EP by The Color Fred
- Released: April 18, 2009
- Genre: Acoustic, indie rock
- Length: 28:54
- Label: Equal Vision
- Producer: Brandon Weiss, Myles Vlachos

The Color Fred chronology
| Bend to Break (2007) | The Intervention (2009) | A Year and Change (2022) |

= The Intervention (EP) =

The Intervention is an EP by indie rock band The Color Fred.

Professional ratings
Review scores
| Source | Rating |
| Melodic |  |

==Background==
In January 2009, it was revealed that the band was demoing new material.

==Release==
In March and April 2009, the band went on tour alongside Craig Owens, Ace Enders and A Million Different People, the Gay Blades, VersaEmerge. The EP was released on April 18 through Equal Vision Records. The EP was limited to 1,000 copies. The re-recorded version of "Terrible Things" can be found on Terrible Things debut album.
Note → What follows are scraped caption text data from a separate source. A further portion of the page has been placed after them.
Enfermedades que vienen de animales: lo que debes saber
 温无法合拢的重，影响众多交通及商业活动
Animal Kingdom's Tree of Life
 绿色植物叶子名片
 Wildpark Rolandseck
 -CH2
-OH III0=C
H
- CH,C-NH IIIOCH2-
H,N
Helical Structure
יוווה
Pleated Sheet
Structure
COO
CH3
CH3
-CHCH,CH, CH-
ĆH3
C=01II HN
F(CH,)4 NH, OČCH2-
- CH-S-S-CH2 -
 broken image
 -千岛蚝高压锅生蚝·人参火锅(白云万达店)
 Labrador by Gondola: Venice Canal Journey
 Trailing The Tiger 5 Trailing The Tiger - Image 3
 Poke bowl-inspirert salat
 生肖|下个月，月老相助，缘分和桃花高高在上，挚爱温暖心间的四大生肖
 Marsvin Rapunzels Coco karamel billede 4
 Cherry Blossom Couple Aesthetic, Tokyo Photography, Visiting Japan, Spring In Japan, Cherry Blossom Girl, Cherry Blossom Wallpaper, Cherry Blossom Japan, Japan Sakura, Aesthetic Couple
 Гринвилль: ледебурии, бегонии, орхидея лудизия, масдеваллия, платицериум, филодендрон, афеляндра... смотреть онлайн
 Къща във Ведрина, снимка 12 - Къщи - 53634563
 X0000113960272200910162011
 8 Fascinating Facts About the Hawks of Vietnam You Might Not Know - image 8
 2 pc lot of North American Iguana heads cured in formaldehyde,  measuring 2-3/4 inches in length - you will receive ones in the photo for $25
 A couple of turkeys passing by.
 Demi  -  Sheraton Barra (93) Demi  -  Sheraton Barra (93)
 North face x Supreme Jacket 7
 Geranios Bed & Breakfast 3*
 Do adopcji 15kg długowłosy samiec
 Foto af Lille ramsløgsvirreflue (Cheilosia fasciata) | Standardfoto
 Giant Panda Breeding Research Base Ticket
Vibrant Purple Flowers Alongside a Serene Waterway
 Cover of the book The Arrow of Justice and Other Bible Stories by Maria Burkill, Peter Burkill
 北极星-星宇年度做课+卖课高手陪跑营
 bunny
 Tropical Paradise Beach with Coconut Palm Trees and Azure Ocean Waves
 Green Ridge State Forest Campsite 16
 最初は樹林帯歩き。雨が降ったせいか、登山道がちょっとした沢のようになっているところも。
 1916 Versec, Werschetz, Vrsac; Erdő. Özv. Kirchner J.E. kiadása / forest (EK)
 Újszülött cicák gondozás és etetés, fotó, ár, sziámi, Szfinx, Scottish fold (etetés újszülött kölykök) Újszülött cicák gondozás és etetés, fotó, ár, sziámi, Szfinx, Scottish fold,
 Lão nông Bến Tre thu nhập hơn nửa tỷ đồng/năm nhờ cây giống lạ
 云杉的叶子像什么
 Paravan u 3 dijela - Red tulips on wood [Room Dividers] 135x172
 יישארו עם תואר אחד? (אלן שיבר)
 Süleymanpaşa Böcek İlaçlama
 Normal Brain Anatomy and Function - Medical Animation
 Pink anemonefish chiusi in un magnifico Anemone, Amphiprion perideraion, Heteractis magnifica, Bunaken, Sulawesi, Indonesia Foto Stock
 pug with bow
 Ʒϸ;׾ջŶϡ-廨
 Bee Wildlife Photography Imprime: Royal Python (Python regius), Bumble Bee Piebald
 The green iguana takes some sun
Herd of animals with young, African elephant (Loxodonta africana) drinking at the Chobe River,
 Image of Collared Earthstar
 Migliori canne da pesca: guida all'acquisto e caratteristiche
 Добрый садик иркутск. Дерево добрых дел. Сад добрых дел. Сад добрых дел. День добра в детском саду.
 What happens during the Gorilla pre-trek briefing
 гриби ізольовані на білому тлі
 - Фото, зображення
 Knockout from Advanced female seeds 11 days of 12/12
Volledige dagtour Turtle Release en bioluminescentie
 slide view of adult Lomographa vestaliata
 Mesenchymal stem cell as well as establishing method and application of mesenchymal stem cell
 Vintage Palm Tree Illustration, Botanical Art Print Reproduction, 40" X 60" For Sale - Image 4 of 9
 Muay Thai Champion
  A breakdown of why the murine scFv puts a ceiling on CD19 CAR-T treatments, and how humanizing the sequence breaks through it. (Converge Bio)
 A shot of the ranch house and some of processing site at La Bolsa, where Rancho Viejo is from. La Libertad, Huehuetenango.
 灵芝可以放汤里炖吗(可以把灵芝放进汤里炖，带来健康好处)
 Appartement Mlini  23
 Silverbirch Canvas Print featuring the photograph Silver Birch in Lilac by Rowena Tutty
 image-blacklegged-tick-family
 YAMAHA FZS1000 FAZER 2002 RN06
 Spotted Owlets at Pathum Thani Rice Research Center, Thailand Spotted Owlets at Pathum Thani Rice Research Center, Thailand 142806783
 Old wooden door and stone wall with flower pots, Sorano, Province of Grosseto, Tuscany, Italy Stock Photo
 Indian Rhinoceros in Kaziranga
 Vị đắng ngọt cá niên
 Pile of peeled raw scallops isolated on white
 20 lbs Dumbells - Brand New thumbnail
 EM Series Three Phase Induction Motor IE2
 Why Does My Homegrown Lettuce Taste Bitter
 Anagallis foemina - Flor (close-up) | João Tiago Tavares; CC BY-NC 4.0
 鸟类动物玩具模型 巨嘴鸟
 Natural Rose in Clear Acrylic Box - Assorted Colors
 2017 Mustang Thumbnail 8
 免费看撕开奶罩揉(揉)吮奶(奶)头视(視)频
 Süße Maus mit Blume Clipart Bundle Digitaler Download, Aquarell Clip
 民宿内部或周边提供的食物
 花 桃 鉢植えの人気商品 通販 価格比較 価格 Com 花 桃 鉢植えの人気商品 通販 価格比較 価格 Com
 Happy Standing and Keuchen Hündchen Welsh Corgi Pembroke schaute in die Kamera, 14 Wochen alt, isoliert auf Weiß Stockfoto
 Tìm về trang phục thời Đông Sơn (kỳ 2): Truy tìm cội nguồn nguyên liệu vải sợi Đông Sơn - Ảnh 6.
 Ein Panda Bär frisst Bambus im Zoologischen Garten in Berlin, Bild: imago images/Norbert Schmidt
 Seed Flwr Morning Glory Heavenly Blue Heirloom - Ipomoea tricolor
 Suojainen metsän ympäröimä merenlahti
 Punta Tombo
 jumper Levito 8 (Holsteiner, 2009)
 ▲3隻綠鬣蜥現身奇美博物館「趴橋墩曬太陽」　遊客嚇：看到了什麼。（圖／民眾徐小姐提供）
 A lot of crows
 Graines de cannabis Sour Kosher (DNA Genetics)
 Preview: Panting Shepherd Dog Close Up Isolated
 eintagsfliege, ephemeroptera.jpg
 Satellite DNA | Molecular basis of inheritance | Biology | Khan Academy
In August, the band went on tour with the Scene Aesthetic and the Ready Set.

==Track listing==
1. "If I Surrender (Acoustic)" - 4:05
2. "Complaintor (Acoustic)" - 4:19
3. "Terrible Things" - 3:38
4. "The Intervention" - 3:57
5. "Dark Clouds" - 4:47
6. "It Isn't Me (Acoustic)" - 4:09
7. "Hate To See You Go (Demo)" - 3:59

==Personnel==
- Fred Mascherino - vocals, guitars
- Stephen Curtiss - drums on "Hate to See You Go"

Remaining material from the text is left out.